W3C home > Mailing lists > Public > public-semweb-lifesci@w3.org > October 2007

Re: RFC 2616 vs. AWWW

From: Jonathan Rees <jonathan.rees@gmail.com>
Date: Sat, 13 Oct 2007 08:40:35 -0400
Message-ID: <3cff5e070710130540o3dfdd848l4be43c214ac69c2@mail.gmail.com>
To: "Pat Hayes" <phayes@ihmc.us>
Cc: public-semweb-lifesci <public-semweb-lifesci@w3.org>

On 10/12/07, Pat Hayes <phayes@ihmc.us> wrote:
> * If a network resource responds to a GET request with a 2xx
> response, then that URI must be understood as referring to that
> network resource.
>
> >Oddly, this rule doesn't tell you which network resource is
> >referenced; it could be one that's unrelated to the network resource
> >that responds to the GET.
>
> Then that is a mistake, it should refer to the same resource.
>
> >(Aside: As I have said before, the text also needs to be changed to
> >say that the 200 only ''states'' that the referenced resource is a
> >network resource, not that it ''is'' one, since the server could be
> >wrong.)
>
> ? I don't follow you. If any response other than a 404 comes back,
> then certainly there must have been a network resource there to emit
> the response. No room for error there, right? And what the
> httpRange-14 decision says (should say) is, then that URI should be
> understood as denoting that actual network resource. That matters to
> the sender of the GET, usually, more than than to the server. If Im
> messing around with URIs, I don't really care what the server thinks
> they denote. Its job is just to respond to my requests, not to have
> opinions about them.

Maybe I'm confused, but I'd like to get this one straight. AWWW says:

"URI ownership gives the relevant social entity certain rights, including
... to associate a resource with an owned URI."

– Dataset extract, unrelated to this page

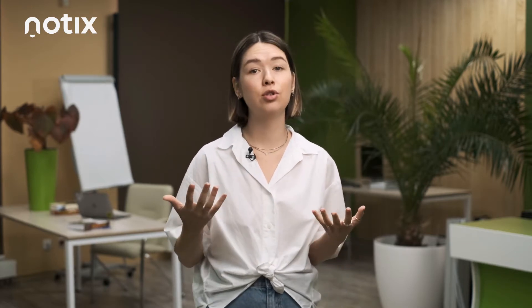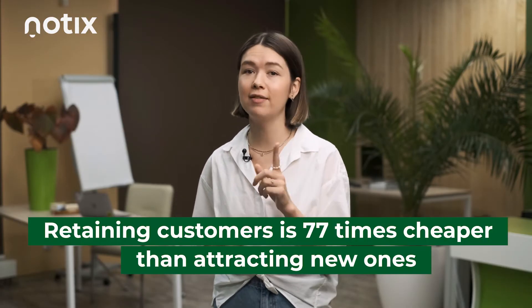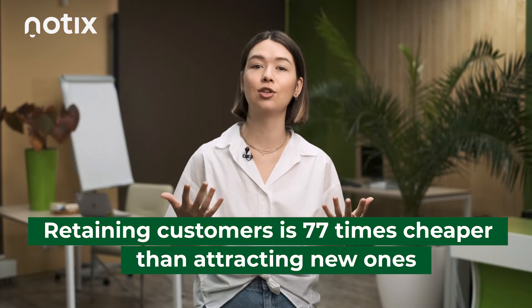What is customer churn? It's a situation when your clients leave you and don't use your services anymore. It can also be about your customers who don't visit your site as often as before. Meanwhile, retaining customers is 77 times cheaper than attracting new ones.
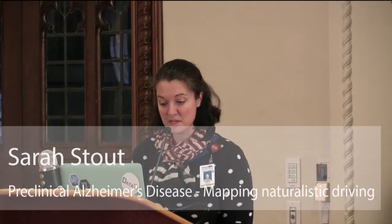I'm Sarah and I'm from the Department of Neurology. We are doing a pilot study right now on preclinical Alzheimer's disease and driving.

I would leap from here to saying that the URI owner has the right to
declare properties that any thing must have if that thing is going to
be the referent of the URI.

So a server responds with a 2xx. Does this constitute the URI owner
specifying that the referent is an http endpoint? What if:
  - the server has a bug, and is not correctly speaking on behalf of
the URI owner (misplaced trust of the URI owner in a piece of
hardware/software)?
  - the server has published separately and more prominently that the
referent is not an http endpoint, e.g. is a potato  (incompetent
server configuration)?
  - the domain name changes hands and the new owner specifies that the
URI is not an http endpoint? (Alan R tells me not to worry about this.
Putting the year in the URI helps avoid confusion.)

I was trying to address the first two cases by suggesting that a URI
refers to an http endpoint, and the URI owner and others can agree on
this, and any statement to the contrary by the http server has less
importance than what the owner and the community say.

If we can answer this question, then we can go on to the one that's
near the epicenter of the http/other scheme debate, which is this: is
the http endpoint to which the URI refers (we know it's an http
endpoint because of the 2xx) the actual one that the http server
identifies, or is it the ideal one that the http server is *supposed*
to identify?

The first answer (URI relates to actual behavior) is principled and
empirical; I can understand it. To get information about that
resource, I perform experiments - any response is constraining on the
actual endpoint, i.e. the endpoint has to be one whose nature allows
it to have responded in that way. A very weak constraint, but better
than nothing as it can be used to confirm or refute statements about
the endpoint.

The second answer (URI relates to behavior intended by owner) is
nicer, since it allows the URI to refer to things whose behavior can
be predicted with certainty, such as a fixed PDF file. This confers
all the advantages that "identifiers" (references?) have over
locators, including rigorous notions of mirroring and citation. It is
also insurance against orphaning - you can be more confident that the
URIs will refer to things after the http server goes south (and they
may even be accessible on some other server, via proxying or URI
rewriting).

The problem with #2 is that unlike in, say, the LSID protocol, there
is no standard communication channel open that would allow the owner
to tell others what thing is intended by the URI (what the owner wants
the URI to refer to). You have to scavenge and reverse engineer. (For
example, tell me how an automated agent would or should distinguish
the endpoints denoted by the URIs
http://www.w3.org/TR/2004/REC-webarch-20041215/
and http://www.w3.org/TR/webarch/ . You and I know what they refer to,
but this isn't formalized as far as I know - at best it is documented
in prose in some unknown location.)

The problem with #1 is that you would have to use 303s or # URIs to
obtain high-quality references, and no one (other than I) would
bother.

I'm neutral on which of these two positions is taken, but I want one
or the other to be taken with conviction.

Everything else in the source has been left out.